129.  Professor Matthews gave evidence of the drawbacks of an ECS for a UK succession. At a practical level it would not be suitable to deal with the greater complexities that could arise in a UK succession than in most other Member States whose property law tended to be simpler, and where there were more often a limited number of heirs who normally acquire absolute ownership of the property they have inherited. He suggested that none but the simplest English succession could be summarised in the way contemplated by the proposal (Q 27, pp 11-12).

130.  With regard to how an ECS could be used in the UK, it is not clear whether an ECS could be used to secure the transfer of property in the UK to the heir without obtaining a grant of representation in accordance with ordinary UK procedures. Richard Frimston interpreted the proposal as meaning that an ECS could be used to obtain a grant, but not to secure the release of property without one (QQ 87-89). Jonathan Faull indicated that he was consulting Commission lawyers as to this interpretation (Q 119). This is an important question because in the UK the internal procedures ensure the payment of tax. This is not the case with an ECS.

131.  The fact that, under the proposal, an ECS would have to be recognised in all Member States, would be presumed accurate and could only be rectified by the court which issued it has important consequences. It means that an inaccurate statement in an ECS issued in another Member State could be hard to correct, and in the meantime it would be necessary to proceed on the basis of the ECS until it was altered. An inaccurate statement in an ECS as to the nationality or habitual residence of the deceased would mean that effect could not be given to a choice made by a testator of the applicable law to be applied to a succession until the issuing court had been persuaded to rectify or cancel it. These problems would be exacerbated by the fact that an incorrect ECS would provide absolute protection to a third party acquiring property on the back of an ECS in the absence of knowledge of the inaccuracy.[34] This would presumably be the case even if it were subsequently rectified.

132.  Professor Matthews accepted that an ECS could be useful if its effect was to provide evidence of the matters stated in it but was not conclusive (QQ 24-27). Richard Frimston cited the example given in Box 4 as an occasion when an ECS would have enabled an English grant of probate to be obtained without difficulty (Q 87). The joint evidence of the Law Society, STEP and the Notaries Society recognised the need for the ECS to be able to accommodate the different laws of different Member States, but supported an ECS provided it were subject to local procedures in the Member State of recognition. It would not be acceptable for an ECS to be used, for example, to secure the release of money from a UK bank account without securing a grant of representation or paying taxes (p 83).

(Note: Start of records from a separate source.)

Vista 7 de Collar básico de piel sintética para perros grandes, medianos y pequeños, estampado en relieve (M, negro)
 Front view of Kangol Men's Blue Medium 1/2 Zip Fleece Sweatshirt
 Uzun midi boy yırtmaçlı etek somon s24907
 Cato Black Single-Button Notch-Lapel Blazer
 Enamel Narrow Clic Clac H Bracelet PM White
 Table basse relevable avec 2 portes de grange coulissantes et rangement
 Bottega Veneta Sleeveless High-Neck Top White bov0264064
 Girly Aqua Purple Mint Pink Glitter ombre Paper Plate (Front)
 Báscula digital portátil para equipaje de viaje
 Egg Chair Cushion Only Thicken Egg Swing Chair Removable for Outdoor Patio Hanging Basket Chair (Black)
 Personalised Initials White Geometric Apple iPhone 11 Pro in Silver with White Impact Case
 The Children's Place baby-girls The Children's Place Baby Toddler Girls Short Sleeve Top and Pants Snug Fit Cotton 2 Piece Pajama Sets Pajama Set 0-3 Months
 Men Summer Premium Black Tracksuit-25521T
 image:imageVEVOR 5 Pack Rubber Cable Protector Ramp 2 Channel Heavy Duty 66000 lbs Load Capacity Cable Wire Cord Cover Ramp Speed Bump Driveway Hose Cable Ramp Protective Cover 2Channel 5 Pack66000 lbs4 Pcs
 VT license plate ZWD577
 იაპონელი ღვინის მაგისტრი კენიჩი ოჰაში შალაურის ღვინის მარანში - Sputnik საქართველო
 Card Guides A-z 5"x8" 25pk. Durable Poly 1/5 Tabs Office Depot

133.  Jonathan Faull emphasised that an ECS would reflect a genuine understanding of the situation by the court issuing it and could be changed if that proved incorrect. He regarded it as sensible for any error to be corrected at source (QQ 120-121).

134.  The Government evidence was that they were still considering the provisions on the ECS, as they appeared particularly obscurely drafted. It was important that the ECS should not by-pass the existing system in the UK for administering succession and collection of tax (Q 163).

135.  We do not support an ECS which overrides national law and practice as a consequence of being automatically recognised in every Member State and treated as conclusive of the matters stated in it. We can, however, see advantages in an ECS which facilitates the operation of national procedures by providing non-conclusive evidence of the salient aspects of a succession.